Wahlsonntag
Heute ist Wahl in Schweden und das gleich dreifach. Denn im Gegensatz zu Deutschland wird in Schweden alles gleichzeitig gewählt: Kommune, Landsting und Reichstag. Wie schon vor vier Jahren darf ich an der Kommunalwahl und der Wahl zum Landstinget teilnehmen, jedoch nicht am Reichstag, da ich kein schwedischer Staatsbürger bin.
Viele, die ich kenne, sind unzufrieden mit der Politik der Allianz der letzten 4 Jahre und wünschen sich einen Wechsel. Allianz ist keine Partei, sondern ein Parteibündnis aus vier bürgerlichen Parteien, welches seit 2006 besteht. (Das wäre in Deutschland mit seinen Koalitionsbildungsritualen vermutlich völlig undenkbar.) Drei Fragen finde ich heute spannend:
- Wird es einen politischen Wechsel geben? Die Prognosen tendieren recht klar zu einem Ja.
- Wird die Feministiskt Initiativ (F!) die Vierprozenthürde knacken?

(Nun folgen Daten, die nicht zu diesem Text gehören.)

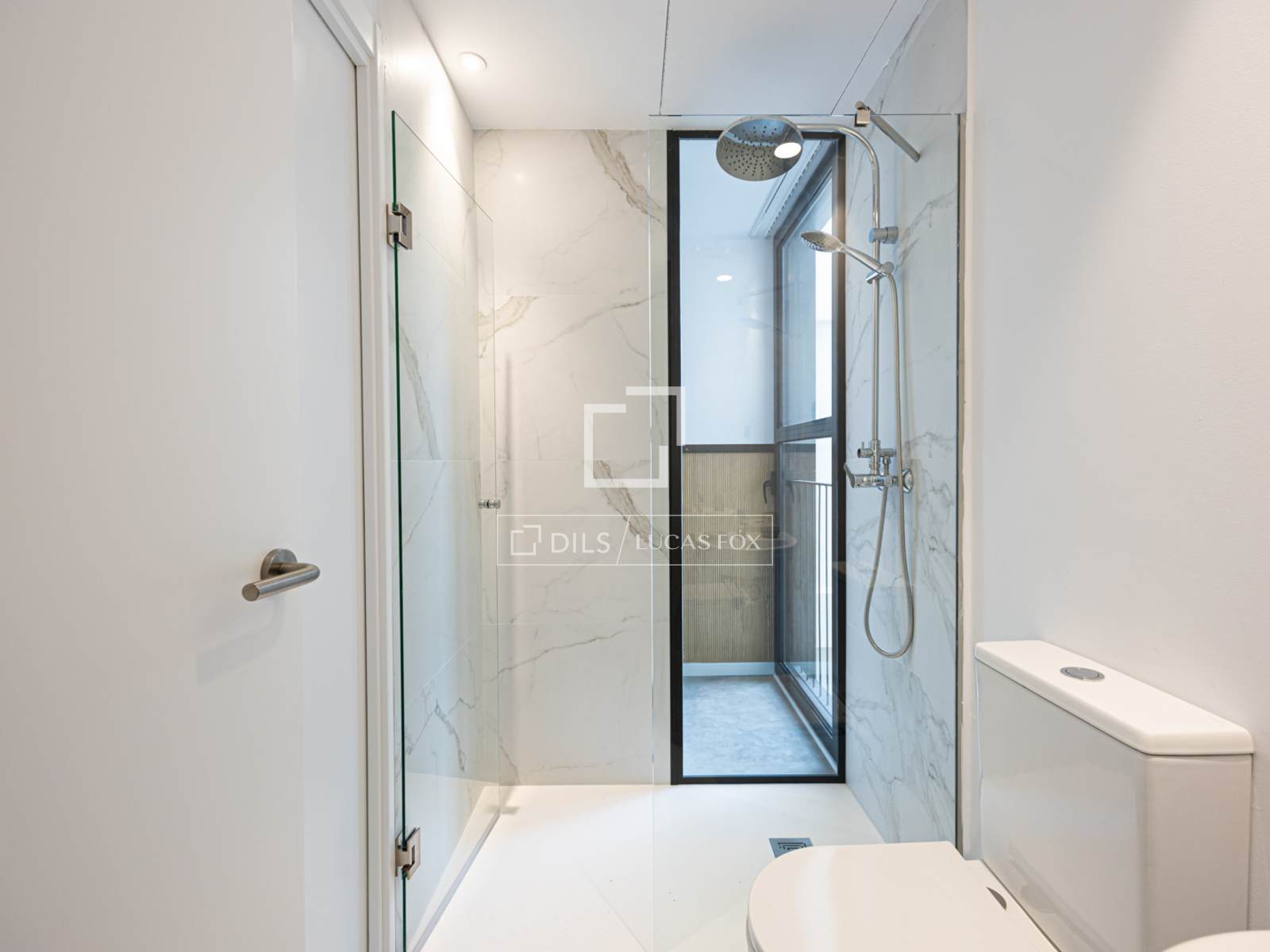 Huoneisto Barcelona, Espanja 2 makuuhuonetta, 107 m2 No. 192650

Laut Prognose wird es sehr knapp, obwohl sie bei der Europawahl 5,3 % der Stimmen bekommen hat.
- Wie viel werden die Sverigedemokraterna (SD) bekommen? Die Prognosen sagen um 10% und das macht mir Angst!

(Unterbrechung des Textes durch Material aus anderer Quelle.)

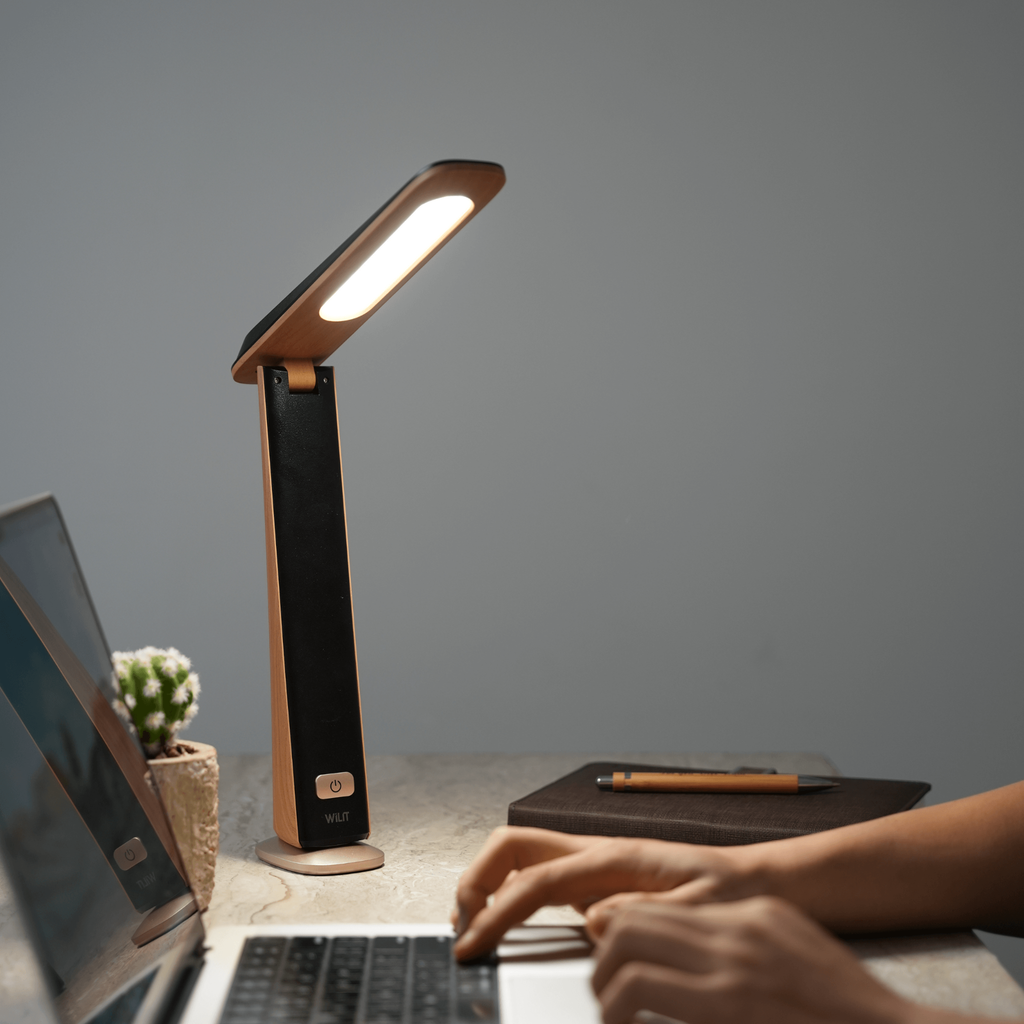 Đèn bàn làm việc cao cấp Wilit U30 VilaWood màu nâu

Die nationalistische und rassistische SD hat zur Zeit 20 der 349 Sitze im Reichstag – das entspricht 5.7 % und das ist schlimm genug. Sollten die Prognosen eintreffen, wäre das erschreckend und alarmierend. Das würde heißen, dass jeder zehnte Wähler gegen Ausländer ist, gegen Moslems, gegen Homosexuelle und gegen was weiß ich noch alles. Ein Schlag ins Gesicht für ein so frei denkendes und tolerantes Land wie Schweden!
Wer mehr wissen möchte, findet auf der Wikipediaseite Wahl zum Schwedischen Reichstag 2014 mehr Informationen.
Nachtrag
Es ist halb elf und die meisten Stimmen sind schon gezählt. F! wird es wohl nicht schaffen, sie liegen bei 3.1 %. Die konservativen Moderaterna (M) sind von 30 % auf etwa 23 % abgestürzt, was mich freuen könnte, wenn nicht, wenn nicht …

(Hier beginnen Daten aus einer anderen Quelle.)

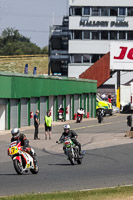 Vintage-motorcycle-club;eventdigitalimages;mallory-park;mallory-park-trackday-photographs;no-limits-trackdays;peter-wileman-photography;trackday-digital-images;trackday-photos;vmcc-festival-1000-bikes-photographs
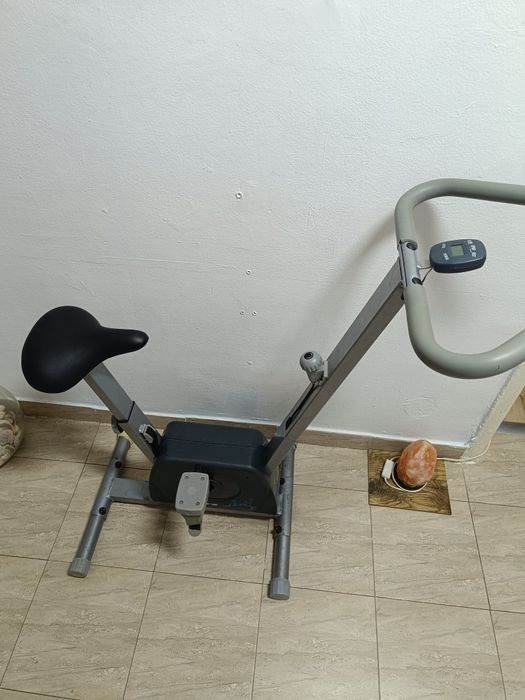 Vând bicicleta fitness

Es ist schlimm. SD hat 13 % der Stimmen erhalten, das ist mehr als doppelt so viel wie vor vier Jahren. Fast jeder siebte hat damit dieser nationalistischen, rassistischen, islamfeindlichen, homophonen und ausländerfeindlichen Partei seine Stimme gegeben. Selbst im traditionell sozialdemokratischen Västerbotten kam sie auf 7.5 % und in Skelleftehamn Ö (meinem Wahlbezirk) sogar auf 10 %. Heißt das, das mich jeder zehnte hier nicht will? Dass sie mich zurück nach Deutschland wünschen? Oder Schlimmeres? Oder bin ich eben doch der gute und erwünschte Ausländer, weil ich hellhäutig und germanisch bin? Aber ganz ehrlich – macht das einen Unterschied?
Mit diesen düsteren Gedanken verabschiede ich mich für heute.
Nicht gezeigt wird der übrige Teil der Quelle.